Menurutnya, Ari berpendapat negara akan mengalami kerugian bila melanjutkan penanganan perkara yang seluruh kerugian negaranya telah dikembalikan tersangka.
"Biaya penuntutan, yang indeksnya per kasus korupsi itu sekitar Rp208 juta. Misalnya, korupsi hanya Rp100 juta, tetapi biaya penyidikannya Rp200 juta, malah negara rugi. Padahal, uang negara yang Rp100 juta sudah dikembalikan," tuturnya.
Setyo mengatakan pendapat pribadi Ari ini juga muncul karena melihat berbagai operasi tangkap tangan (OTT) yang dilakukan pada sejumlah terduga koruptor. Dia mengklaim, Ari mempertimbangkan untuk memberikan sanksi sosial daripada hukum kepada koruptor dalam hal ini.
"OTT, kemudian besok lagi OTT lagi OTT lagi, apa tidak perlu ada misalnya sanksi sosial menurut beliau," ujar Setyo.

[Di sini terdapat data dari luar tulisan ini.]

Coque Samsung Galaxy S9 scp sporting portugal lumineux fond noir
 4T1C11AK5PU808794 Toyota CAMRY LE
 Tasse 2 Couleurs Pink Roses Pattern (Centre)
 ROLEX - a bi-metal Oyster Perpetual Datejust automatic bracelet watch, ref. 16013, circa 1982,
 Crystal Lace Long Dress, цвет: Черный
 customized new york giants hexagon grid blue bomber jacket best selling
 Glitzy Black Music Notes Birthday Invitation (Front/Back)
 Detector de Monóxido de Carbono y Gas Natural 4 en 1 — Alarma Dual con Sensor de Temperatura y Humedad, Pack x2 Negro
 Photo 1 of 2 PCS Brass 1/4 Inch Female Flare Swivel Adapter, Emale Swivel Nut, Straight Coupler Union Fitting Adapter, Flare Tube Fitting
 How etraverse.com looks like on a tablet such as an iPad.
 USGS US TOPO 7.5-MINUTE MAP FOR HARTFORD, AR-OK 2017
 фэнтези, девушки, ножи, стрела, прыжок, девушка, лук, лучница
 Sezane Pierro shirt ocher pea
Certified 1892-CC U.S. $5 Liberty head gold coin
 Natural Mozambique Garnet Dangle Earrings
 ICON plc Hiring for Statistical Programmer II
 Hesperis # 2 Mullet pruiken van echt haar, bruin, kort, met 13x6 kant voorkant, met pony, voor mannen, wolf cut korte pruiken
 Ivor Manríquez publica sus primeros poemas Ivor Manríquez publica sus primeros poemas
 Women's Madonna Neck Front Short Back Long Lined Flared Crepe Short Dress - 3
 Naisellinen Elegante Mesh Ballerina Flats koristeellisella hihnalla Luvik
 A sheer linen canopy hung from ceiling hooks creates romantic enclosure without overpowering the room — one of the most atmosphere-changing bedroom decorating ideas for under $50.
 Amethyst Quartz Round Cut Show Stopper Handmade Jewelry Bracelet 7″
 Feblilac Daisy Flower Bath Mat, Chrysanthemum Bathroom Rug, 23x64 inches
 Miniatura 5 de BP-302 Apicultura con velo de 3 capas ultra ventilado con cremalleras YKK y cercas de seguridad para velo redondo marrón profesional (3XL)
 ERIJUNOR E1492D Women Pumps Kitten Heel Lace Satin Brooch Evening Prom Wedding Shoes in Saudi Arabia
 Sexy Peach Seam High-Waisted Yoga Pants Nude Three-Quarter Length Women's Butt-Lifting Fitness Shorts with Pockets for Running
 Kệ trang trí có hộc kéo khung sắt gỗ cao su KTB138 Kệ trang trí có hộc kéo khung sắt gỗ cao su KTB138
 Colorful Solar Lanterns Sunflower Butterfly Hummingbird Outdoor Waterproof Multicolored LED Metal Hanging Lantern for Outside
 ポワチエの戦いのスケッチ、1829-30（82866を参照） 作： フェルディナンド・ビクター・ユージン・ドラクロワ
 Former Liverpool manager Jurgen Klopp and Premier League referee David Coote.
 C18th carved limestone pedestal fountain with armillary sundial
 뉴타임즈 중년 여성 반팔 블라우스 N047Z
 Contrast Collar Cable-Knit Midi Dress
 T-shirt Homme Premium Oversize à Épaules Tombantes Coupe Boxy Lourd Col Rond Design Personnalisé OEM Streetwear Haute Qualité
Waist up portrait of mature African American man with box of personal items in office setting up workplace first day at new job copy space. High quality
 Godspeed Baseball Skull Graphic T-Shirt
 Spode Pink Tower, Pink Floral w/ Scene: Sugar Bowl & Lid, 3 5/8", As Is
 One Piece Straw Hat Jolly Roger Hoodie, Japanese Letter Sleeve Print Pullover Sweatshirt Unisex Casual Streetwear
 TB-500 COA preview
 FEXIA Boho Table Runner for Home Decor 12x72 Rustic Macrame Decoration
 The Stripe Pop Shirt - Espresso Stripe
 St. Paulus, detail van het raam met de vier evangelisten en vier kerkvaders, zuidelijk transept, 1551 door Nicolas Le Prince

Sanksi sosial itu, lanjutnya, bisa berupa membersihkan jalan, toilet umum, atau sampah di kawasan perkampungan.
Namun demikian, mantan Wakabaintelkam Polri itu menegaskan, pernyataan Ari ini masih perlu dikaji lebih mendalam agar tidak menabrak aturan perundang-undangan yang ada.
"Sekarang peraturannya masih perlu dikaji lebih mendalam tentang peraturan-peraturan yang ada. Kalau yang peraturan saja sekarang semua ini harus ditegakkan," ujarnya.